Italy has a free, public wine fountain
In the small town of Ortona, in Italy, there’s a free wine fountain. Dora Sarchese Winery has opened the “free for the public” fountain, mainly to serve those travelling the Camino di San Tommaso. It’s not the first public wine fountain in Italy – Venice has had a fountain in St Mark’s Square for its annual carnival… still, the one in Ortona is open year round and although the winery will not reveal the specific kind of wine which is flowing through the fountain, travellers reviews of the wine are positive . Cheers!
60% of the lakes on earth are located in Canada
The second largest country on the planet is home to 60% of the planet’s lakes. Still not amazed? How about we rephrased: the number of lakes in Canada is bigger than the rest of the lakes on the planet combined! The largest lake in Canada is the Great Bear Lake, spreading over 31,153 km² and going as deep as 435 meters.

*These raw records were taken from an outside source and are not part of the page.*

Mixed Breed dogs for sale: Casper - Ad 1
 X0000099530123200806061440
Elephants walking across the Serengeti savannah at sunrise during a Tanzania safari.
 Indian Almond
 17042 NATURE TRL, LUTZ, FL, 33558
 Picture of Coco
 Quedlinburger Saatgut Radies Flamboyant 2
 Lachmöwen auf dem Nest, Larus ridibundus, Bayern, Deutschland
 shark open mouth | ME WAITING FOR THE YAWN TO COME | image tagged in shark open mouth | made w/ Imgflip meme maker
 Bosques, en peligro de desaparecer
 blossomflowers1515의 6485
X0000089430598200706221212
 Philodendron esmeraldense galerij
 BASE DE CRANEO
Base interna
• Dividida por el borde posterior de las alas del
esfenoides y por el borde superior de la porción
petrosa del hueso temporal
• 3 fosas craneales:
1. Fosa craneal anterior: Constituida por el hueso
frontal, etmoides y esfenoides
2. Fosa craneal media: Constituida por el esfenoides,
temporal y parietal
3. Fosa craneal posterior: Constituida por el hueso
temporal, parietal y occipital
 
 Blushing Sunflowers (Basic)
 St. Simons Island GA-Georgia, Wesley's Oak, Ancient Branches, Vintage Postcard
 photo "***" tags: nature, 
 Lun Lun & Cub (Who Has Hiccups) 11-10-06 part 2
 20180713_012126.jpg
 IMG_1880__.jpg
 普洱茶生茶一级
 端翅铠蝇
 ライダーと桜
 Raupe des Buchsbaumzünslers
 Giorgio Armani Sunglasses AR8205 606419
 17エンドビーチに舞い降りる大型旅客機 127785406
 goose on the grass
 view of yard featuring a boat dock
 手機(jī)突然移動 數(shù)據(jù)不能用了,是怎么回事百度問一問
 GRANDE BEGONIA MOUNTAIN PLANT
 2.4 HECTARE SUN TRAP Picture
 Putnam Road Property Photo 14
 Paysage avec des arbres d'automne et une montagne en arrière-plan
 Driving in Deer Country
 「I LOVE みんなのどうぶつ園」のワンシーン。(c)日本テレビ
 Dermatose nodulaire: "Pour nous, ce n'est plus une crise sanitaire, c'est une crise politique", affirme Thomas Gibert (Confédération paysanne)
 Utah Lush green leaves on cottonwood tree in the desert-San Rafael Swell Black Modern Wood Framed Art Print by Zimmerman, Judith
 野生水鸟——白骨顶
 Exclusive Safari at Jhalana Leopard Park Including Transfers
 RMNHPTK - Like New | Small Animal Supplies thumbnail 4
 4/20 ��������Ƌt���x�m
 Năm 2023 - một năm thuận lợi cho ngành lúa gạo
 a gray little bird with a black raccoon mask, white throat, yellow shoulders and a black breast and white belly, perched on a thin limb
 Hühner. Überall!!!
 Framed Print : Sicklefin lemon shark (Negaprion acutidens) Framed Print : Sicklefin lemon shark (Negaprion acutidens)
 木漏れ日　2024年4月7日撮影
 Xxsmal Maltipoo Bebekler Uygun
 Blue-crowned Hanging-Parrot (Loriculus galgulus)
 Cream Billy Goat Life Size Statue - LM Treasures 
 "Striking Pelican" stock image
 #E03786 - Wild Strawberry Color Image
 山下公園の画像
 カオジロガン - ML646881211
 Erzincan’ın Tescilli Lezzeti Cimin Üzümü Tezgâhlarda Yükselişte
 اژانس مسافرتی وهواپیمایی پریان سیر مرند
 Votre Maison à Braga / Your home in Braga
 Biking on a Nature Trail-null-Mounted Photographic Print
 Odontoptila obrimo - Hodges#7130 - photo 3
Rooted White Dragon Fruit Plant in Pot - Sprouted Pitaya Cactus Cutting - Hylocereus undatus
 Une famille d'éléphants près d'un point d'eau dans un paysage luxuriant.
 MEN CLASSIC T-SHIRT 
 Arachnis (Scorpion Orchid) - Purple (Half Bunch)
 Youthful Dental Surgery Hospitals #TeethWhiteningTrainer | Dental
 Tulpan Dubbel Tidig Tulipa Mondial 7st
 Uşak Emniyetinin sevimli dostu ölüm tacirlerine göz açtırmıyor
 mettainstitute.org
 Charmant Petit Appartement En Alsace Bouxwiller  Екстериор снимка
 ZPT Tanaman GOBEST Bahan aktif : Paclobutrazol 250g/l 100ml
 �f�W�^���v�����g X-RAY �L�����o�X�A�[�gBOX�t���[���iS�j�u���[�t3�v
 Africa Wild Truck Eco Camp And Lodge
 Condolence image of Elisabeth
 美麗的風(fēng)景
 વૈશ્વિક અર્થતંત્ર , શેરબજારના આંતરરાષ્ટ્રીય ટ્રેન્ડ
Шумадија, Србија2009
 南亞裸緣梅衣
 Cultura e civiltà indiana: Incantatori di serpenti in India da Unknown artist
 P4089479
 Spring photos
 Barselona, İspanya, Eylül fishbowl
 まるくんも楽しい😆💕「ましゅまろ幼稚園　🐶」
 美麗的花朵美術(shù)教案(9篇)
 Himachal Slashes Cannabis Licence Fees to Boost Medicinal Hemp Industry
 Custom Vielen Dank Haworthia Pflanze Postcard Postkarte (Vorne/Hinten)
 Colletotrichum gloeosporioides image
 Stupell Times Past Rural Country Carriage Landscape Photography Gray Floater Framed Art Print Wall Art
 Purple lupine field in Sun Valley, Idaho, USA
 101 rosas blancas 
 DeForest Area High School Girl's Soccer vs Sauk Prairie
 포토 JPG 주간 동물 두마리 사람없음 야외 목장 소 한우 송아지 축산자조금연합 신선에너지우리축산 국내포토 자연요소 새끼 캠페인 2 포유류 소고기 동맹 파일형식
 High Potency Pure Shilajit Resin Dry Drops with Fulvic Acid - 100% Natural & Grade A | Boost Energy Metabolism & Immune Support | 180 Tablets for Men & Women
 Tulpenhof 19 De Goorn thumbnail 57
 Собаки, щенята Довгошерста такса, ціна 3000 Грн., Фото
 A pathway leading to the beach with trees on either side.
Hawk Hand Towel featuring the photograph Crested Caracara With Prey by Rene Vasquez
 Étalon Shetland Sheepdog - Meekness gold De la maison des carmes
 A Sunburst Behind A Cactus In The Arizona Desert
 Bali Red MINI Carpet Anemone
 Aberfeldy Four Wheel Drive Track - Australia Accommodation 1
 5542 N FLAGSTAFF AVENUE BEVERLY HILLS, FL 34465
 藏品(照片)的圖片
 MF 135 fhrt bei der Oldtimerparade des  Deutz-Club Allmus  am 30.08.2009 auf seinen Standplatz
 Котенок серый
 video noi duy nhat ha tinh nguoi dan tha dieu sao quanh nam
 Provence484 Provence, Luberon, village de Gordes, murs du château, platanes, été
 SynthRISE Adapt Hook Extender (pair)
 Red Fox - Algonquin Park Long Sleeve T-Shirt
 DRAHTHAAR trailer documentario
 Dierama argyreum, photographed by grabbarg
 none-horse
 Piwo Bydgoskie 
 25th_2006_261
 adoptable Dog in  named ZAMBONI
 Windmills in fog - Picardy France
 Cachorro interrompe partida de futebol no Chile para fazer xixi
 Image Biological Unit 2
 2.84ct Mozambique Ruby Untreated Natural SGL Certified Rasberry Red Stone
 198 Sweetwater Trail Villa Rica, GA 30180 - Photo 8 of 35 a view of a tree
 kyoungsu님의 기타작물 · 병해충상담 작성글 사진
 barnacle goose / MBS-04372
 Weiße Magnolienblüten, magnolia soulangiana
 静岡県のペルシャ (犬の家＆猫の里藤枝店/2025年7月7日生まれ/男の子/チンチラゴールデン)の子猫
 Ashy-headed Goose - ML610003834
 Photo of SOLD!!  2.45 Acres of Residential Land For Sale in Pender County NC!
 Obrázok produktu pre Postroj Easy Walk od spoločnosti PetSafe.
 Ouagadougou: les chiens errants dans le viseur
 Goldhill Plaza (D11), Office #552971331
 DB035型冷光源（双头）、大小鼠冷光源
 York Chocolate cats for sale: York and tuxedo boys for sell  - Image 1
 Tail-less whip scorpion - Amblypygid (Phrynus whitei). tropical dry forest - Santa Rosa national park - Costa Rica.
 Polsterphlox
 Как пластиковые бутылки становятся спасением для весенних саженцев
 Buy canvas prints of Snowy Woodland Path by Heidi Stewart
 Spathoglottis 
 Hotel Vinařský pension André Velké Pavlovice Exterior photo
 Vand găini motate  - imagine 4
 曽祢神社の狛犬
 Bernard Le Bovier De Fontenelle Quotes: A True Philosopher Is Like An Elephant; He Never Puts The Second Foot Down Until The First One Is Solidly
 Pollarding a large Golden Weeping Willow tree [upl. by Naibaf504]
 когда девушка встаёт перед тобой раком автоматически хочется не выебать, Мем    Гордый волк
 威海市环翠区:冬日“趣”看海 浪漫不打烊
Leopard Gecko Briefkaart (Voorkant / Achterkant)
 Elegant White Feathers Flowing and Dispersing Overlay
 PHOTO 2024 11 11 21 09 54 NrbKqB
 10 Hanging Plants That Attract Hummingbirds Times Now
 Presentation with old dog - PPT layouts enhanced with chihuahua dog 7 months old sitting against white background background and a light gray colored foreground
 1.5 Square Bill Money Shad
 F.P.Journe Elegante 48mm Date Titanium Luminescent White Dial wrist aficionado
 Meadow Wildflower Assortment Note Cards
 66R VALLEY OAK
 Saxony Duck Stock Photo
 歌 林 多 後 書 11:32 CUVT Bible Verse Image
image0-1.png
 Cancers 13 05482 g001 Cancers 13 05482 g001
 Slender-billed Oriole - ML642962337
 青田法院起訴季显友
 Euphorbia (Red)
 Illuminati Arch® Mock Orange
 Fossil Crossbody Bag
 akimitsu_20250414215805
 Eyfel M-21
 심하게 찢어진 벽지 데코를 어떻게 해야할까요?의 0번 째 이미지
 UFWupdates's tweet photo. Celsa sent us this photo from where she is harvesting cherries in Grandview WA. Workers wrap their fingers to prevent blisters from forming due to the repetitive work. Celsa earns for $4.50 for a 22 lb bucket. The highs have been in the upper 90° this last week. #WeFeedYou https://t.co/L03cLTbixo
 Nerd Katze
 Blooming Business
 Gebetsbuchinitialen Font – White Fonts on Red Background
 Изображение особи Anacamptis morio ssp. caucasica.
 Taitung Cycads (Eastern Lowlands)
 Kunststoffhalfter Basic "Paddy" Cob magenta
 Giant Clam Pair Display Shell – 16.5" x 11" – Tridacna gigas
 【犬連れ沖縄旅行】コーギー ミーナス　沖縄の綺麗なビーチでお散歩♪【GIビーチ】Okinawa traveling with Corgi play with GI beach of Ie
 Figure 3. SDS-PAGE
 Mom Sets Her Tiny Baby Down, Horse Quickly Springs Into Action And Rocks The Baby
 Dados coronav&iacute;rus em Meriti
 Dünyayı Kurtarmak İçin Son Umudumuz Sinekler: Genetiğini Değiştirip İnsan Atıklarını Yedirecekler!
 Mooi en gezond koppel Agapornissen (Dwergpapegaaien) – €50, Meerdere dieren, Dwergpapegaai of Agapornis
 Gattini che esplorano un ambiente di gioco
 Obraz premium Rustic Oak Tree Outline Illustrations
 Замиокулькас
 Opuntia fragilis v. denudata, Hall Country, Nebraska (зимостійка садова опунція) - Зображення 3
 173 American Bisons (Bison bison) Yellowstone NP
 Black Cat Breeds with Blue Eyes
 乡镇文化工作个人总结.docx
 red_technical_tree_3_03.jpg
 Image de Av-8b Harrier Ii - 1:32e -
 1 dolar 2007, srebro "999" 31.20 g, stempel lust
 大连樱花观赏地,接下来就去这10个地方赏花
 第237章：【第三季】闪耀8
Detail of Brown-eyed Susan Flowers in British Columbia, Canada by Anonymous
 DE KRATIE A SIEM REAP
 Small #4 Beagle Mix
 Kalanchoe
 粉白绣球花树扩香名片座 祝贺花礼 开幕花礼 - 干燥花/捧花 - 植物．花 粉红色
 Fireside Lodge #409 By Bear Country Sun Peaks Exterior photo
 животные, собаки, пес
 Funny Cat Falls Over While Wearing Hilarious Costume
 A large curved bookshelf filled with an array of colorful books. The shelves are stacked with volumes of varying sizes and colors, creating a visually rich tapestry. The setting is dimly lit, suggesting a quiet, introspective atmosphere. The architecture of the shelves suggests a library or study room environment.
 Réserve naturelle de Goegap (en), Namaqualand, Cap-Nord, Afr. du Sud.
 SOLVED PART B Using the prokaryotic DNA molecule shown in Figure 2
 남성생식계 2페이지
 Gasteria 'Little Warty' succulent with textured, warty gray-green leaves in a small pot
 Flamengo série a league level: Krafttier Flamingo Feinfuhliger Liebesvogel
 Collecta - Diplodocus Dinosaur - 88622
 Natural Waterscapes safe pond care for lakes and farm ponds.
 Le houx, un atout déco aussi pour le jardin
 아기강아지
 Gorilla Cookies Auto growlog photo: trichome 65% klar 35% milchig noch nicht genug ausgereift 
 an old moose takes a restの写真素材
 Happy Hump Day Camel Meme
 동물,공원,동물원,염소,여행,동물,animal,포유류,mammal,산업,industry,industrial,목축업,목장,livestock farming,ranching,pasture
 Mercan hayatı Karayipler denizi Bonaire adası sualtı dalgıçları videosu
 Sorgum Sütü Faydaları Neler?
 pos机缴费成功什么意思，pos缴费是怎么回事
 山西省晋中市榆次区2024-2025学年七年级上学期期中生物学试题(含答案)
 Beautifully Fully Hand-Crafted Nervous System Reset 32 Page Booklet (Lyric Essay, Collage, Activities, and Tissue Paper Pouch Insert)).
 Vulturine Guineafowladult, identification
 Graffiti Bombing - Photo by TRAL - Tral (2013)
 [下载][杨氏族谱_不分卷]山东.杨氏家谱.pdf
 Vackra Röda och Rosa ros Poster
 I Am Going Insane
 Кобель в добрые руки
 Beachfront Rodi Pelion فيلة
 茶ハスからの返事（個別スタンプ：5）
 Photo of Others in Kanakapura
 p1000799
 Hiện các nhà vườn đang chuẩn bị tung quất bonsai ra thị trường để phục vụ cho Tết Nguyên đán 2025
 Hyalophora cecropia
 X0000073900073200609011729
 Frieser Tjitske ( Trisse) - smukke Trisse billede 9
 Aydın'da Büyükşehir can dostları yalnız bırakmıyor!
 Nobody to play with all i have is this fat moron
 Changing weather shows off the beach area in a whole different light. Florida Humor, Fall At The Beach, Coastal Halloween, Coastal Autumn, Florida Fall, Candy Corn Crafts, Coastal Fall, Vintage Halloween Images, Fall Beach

600 people work at the Eiffel Tower daily
When it comes to the most famous tower in the world, it seems like the work is never done. The Eiffel Tower is the daily work place of 600 Parisians, making it not only one of the biggest tourist attractions worldwide, but also one of the largest job generating businesses in the French tourism industry.
Jet lag feels worse if you travel from west to east
Science has proved that jet lag feels worse if you travel from west to east. Our internal clock has a natural cycle of sleep/wake modes that is slightly longer than 24 hours. Travelling from west to east makes the day shorter, while travelling from east to west makes the day longer, making it easier for the brain to adapt.
Working while on holiday is worse than you think!
Research shows that sifting through work emails and participating in “work-related activities”, such as messaging and going over work materials, results in you remembering less from your holiday.
Great Wall of China’s strength comes from sticky rice
Workers built the Ming dynasty sections of the Great Wall by mixing together a paste of sticky rice flour and slaked lime, which was the standard ingredient in mortar, the workable paste used to bind building blocks. The sticky rice mortar bound the bricks together so tightly that in many places weeds still cannot grow.